▸ Records provided
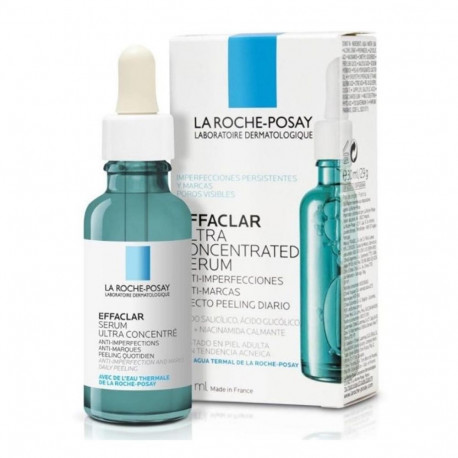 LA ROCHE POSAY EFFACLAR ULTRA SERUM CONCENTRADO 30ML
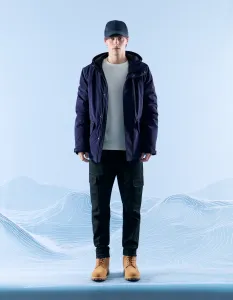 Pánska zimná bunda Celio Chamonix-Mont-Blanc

...

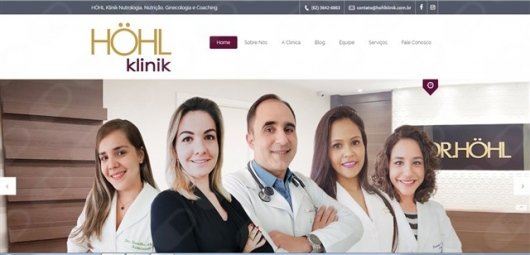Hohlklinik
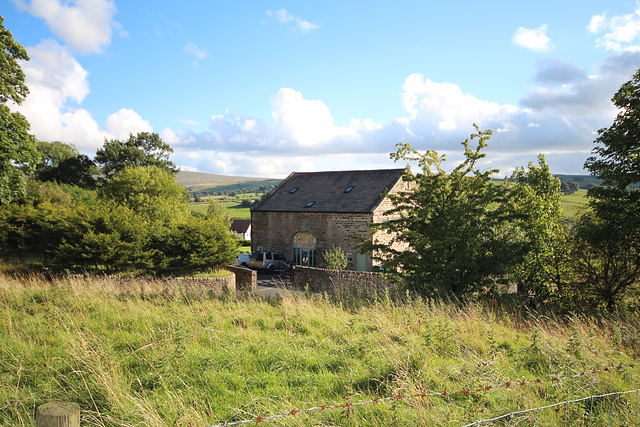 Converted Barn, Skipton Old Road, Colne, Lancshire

▸ Required action
The material above holds pictures; leave them out and set down exactly the lines from the line with "LA ROCHE POSAY" to the line with "Pánska zimná bunda Celio Chamonix-Mont-Blanc", both included.

▸ Reply
 LA ROCHE POSAY EFFACLAR ULTRA SERUM CONCENTRADO 30ML
 Pánska zimná bunda Celio Chamonix-Mont-Blanc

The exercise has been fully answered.